As the Federal Reserve prepares to restart accommodative monetary policy amidst high and sticky inflation, Societe Generale announced adjustments to its multi-asset portfolio strategy, significantly increasing its gold exposure to mitigate potential risks. In its quarterly strategy report released Wednesday, the bank announced it had increased its gold holdings from a previously stable 7% to 10%, reaching the portfolio's maximum overweight limit. This adjustment was accompanied by the liquidation of a 3% crude oil position held prior to the third quarter, leaving gold as the only direct commodity exposure in the multi-asset portfolio (MAP).

Societe Generale has maintained an overweight position on gold since late 2022. Analysts note that demand for gold as an alternative store of value will increase due to lower real yields driven by falling interest rates and high inflation, providing strong support for gold prices. They forecast that the average gold price will reach $3,825 per ounce in the fourth quarter of 2025, rising further to $4,128 per ounce in 2026. Furthermore, the global trend of de-dollarization and challenges to the dollar's dominance further strengthen gold's appeal as a monetary asset. Analysts emphasize that central banks continue to view gold as a strategic asset for investment diversification and reserve management, and that central bank gold purchases will continue even amidst high gold prices.

At the same time, the bank has turned bearish on the crude oil market. Previously, in the third quarter, Societe Generale had favored tactical opportunities in crude oil due to anticipated geopolitical uncertainty, but now believes that geopolitical risks have taken a back seat, with supply and demand fundamentals becoming the dominant factor. Analysts predict that weak demand and growing supply will put pressure on oil prices, with Brent crude oil prices falling to $60 per barrel by the end of 2025 and further to $52 per barrel by the end of 2026.

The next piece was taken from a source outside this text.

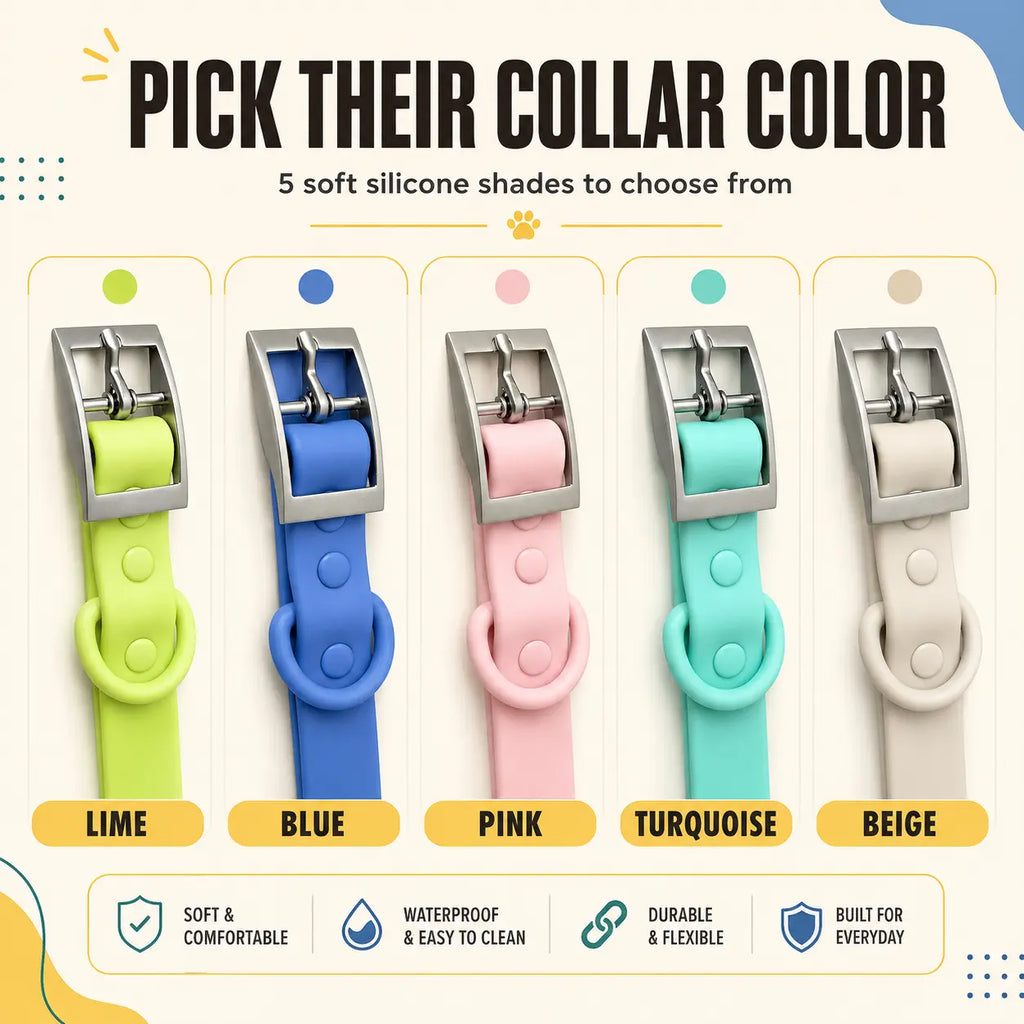 Personalized Silicone Dog Collar with Custom Name Letters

Regarding its overall portfolio, Societe Generale anticipates that the Federal Reserve will initiate interest rate cuts amidst relative economic stability in the United States. Historically, a dovish Fed policy shift significantly boosts global stock markets, not just the US market. Therefore, the bank increased its US stock holdings by 2 percentage points to 27% and reinvested its cash holdings by reducing them from 10% to 5%. Furthermore, the bank maintained its holdings of US inflation-linked bonds at the upper limit of 5% to further strengthen risk protection.